■ What you should do
Each line in the material below, starting at the one that contains "Blazer azul claro" and ending at the one that contains "A young woman", should be repeated exactly; the pictures should not.

#### Source information

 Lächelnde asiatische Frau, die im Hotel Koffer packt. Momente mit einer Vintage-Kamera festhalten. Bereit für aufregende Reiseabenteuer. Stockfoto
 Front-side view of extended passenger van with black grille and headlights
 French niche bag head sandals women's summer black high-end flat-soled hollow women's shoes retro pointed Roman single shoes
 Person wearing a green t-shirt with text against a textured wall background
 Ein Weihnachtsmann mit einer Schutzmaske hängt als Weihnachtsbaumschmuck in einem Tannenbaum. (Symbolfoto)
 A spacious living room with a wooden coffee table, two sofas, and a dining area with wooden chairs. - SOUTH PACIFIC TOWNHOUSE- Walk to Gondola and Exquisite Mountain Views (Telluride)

########
#### Source information

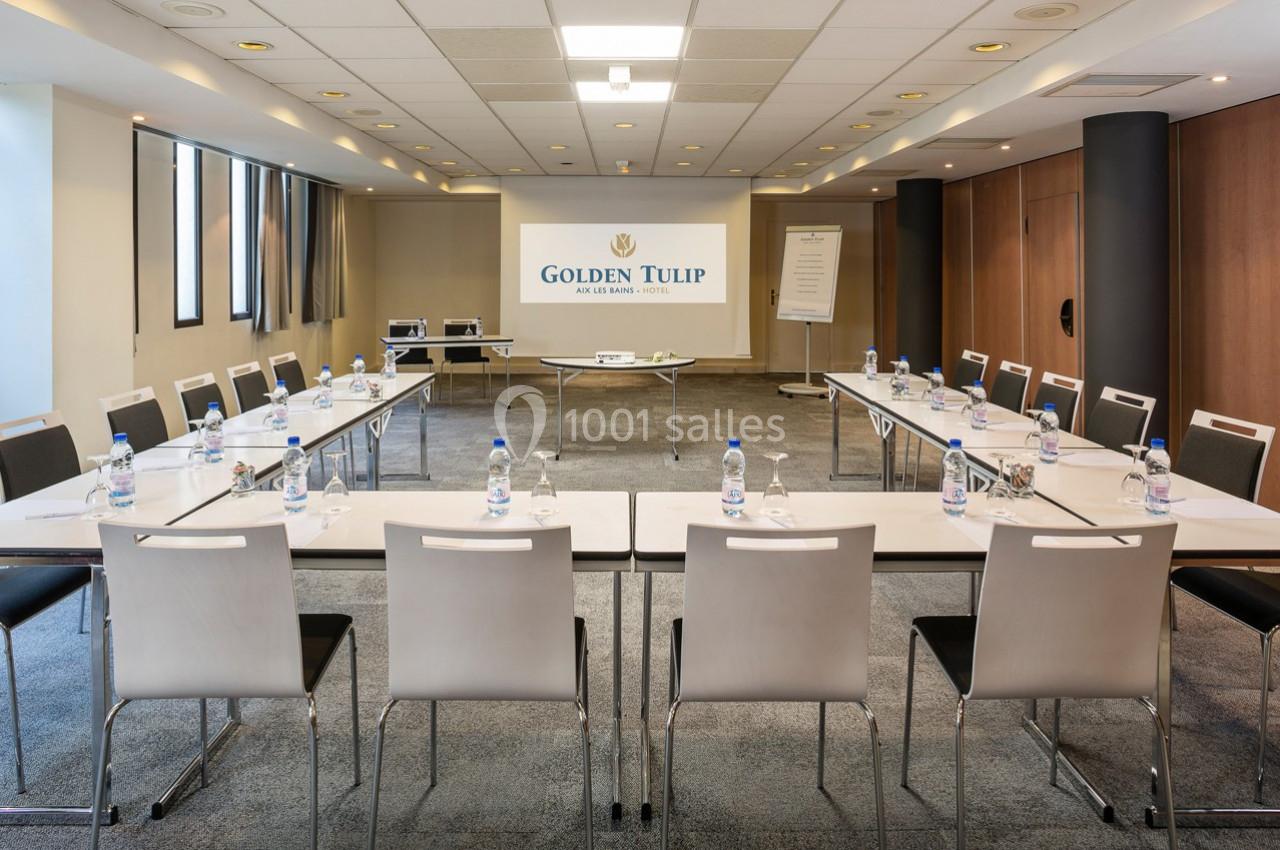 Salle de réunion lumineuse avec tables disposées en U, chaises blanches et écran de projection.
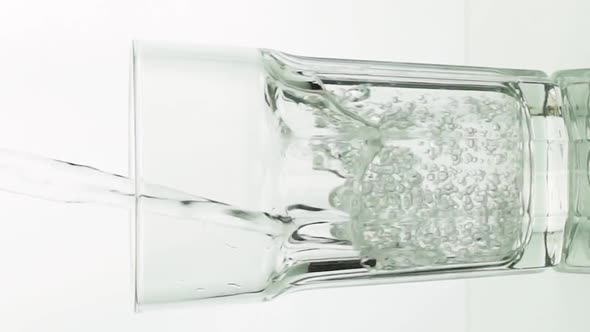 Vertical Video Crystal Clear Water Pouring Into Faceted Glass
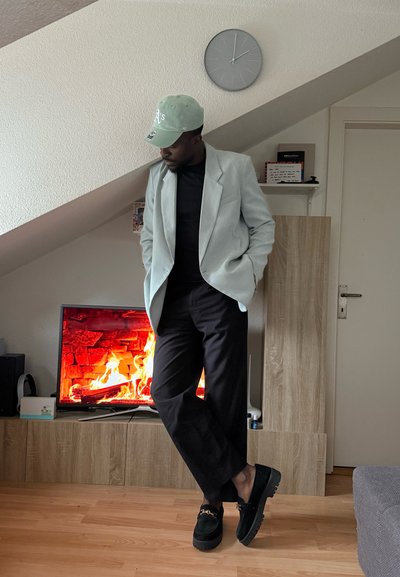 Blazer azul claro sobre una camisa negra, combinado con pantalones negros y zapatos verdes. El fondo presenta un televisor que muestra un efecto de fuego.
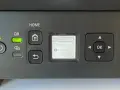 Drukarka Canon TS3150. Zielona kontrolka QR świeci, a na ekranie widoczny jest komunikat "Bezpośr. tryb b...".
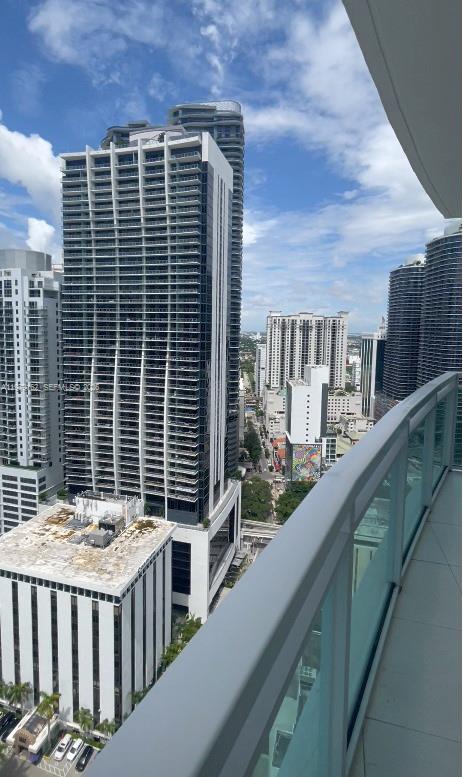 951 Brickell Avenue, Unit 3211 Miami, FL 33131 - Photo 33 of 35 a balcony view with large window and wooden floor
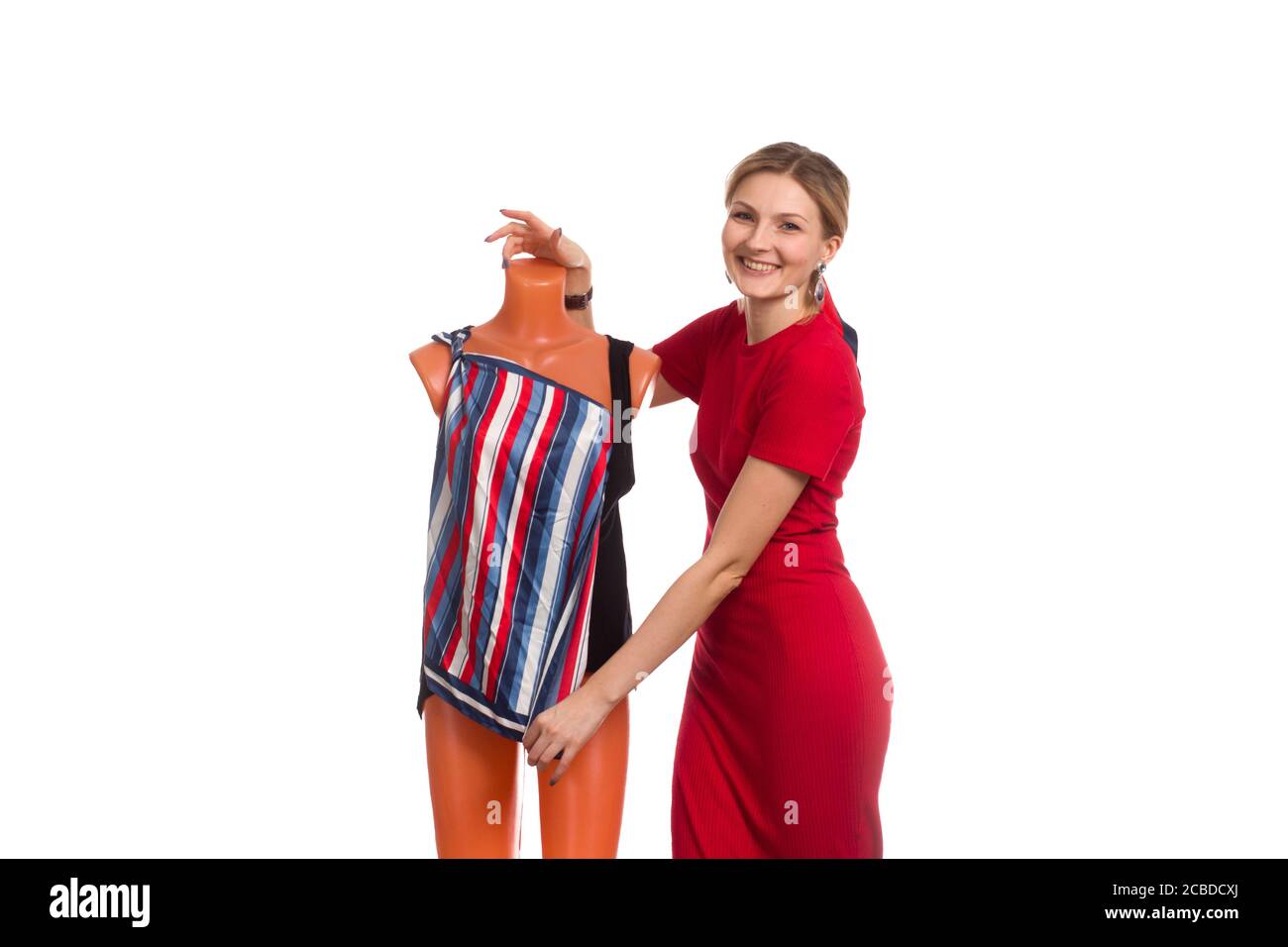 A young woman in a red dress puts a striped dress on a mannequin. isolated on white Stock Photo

########

■ Answer to this exercise
 Blazer azul claro sobre una camisa negra, combinado con pantalones negros y zapatos verdes. El fondo presenta un televisor que muestra un efecto de fuego.
 Drukarka Canon TS3150. Zielona kontrolka QR świeci, a na ekranie widoczny jest komunikat "Bezpośr. tryb b...".
 951 Brickell Avenue, Unit 3211 Miami, FL 33131 - Photo 33 of 35 a balcony view with large window and wooden floor
 A young woman in a red dress puts a striped dress on a mannequin. isolated on white Stock Photo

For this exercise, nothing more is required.